Terrence Pegula, who purchased the Sabres and Bills in the early 2010s, raised the possibility of launching an in-house regional sports network when the Sabres' contract with MSG ended after the 2016–17 season. Rather than go through the process of building a team-owned network from scratch, in June 2016, it was announced that Pegula had reached a deal to expand its relationship with MSG by forming a regional opt-out of MSG Network known as MSG Western New York, which is co-owned by Pegula and carries additional local studio programming covering the Bills and Sabres.

Zito Media, the company established by the Rigas family to replace Adelphia, has not re-entered the regional sports network market.

Empire's Web site remained live but abandoned for 13 years after the network's closure, in part to prevent a fake news website of the same name from claiming the domain. The empiresports.com domain was eventually transferred to a marketing firm in Dublin, Ohio.

==Programming==
The network was the flagship station for Buffalo Sabres NHL games, however it also aired collegiate sports (particularly those involving Syracuse University), and several sports news and talk shows. Empire also aired a significant number of programs covering the National Football League's Buffalo Bills; live play-by-play of the Arena Football League's Buffalo Destroyers, the Pittsburgh Pirates of Major League Baseball, the Buffalo Bisons, Rochester Red Wings and Syracuse Chiefs of the AAA International League; AHL hockey; and NCAA basketball. Buffalo Bandits lacrosse also received limited coverage on the network.
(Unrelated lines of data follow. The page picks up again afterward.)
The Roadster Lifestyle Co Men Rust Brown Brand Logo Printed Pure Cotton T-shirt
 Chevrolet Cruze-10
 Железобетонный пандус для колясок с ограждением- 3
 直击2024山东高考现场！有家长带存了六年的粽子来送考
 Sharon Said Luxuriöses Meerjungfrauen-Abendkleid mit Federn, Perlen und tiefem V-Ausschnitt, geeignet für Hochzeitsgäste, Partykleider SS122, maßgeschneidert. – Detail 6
Empire also aired NBA games featuring the Toronto Raptors for several seasons until January 2005, when all original and live programming on the network was discontinued. In its latter years, the network also aired live Canadian Football League games on Friday nights and tape delayed telecasts on Saturday mornings.

Some of Empire's programs included Fan TV, a daily 2½-hour late-afternoon sports news and call-in program hosted by Howard Simon and Jim Brinson) and its successor, The SimonCast; the Empire Sports Report, a nightly sportscast hosted by Mike DeGeorge, Josh Mora and Jason Bristol; and Hockey Hotline, the Sabres' post-game report hosted by NHL veteran Mike Robitaille and later with Brian Blessing. Other popular shows included Fan Forum with Bob Koshinski, which aired from 1991 to 1998 and Pros and Cons (a predecessor to Pardon the Interruption that featured WGRZ-TV sports director Ed Kilgore pitted against contrarian and WGR radio host Art Wander, with Buffalo News sports editor Larry Felser moderating), which ran from 1992 to 1996. As an affiliate of first the Prime Network and then Fox Sports Net, Empire also carried nationally oriented programming from those networks.

Former Bills punter Paul Maguire (now an NFL analyst for ESPN) also hosted the Budweiser Sportsline on the network during the NFL season; Pete Weber and Danny Gare (who both currently work as NHL announcers) also worked for Empire along with former Buffalo Bill Steve Tasker (now of CBS). Van Miller lent his voice to several college basketball games on Empire during the early years of the network. The network also aired ECW Hardcore TV produced by Extreme Championship Wrestling, a now-defunct professional wrestling promotion based in Philadelphia.

The network also carried Rush Hour On Dirt, showing live races from the Super DIRTcar Series and carrying the annual 200 lap dirt modified race at Super Dirt Week from the New York State Fairgrounds Racetrack. The programming eventually moved to Speed (TV network) in 2003.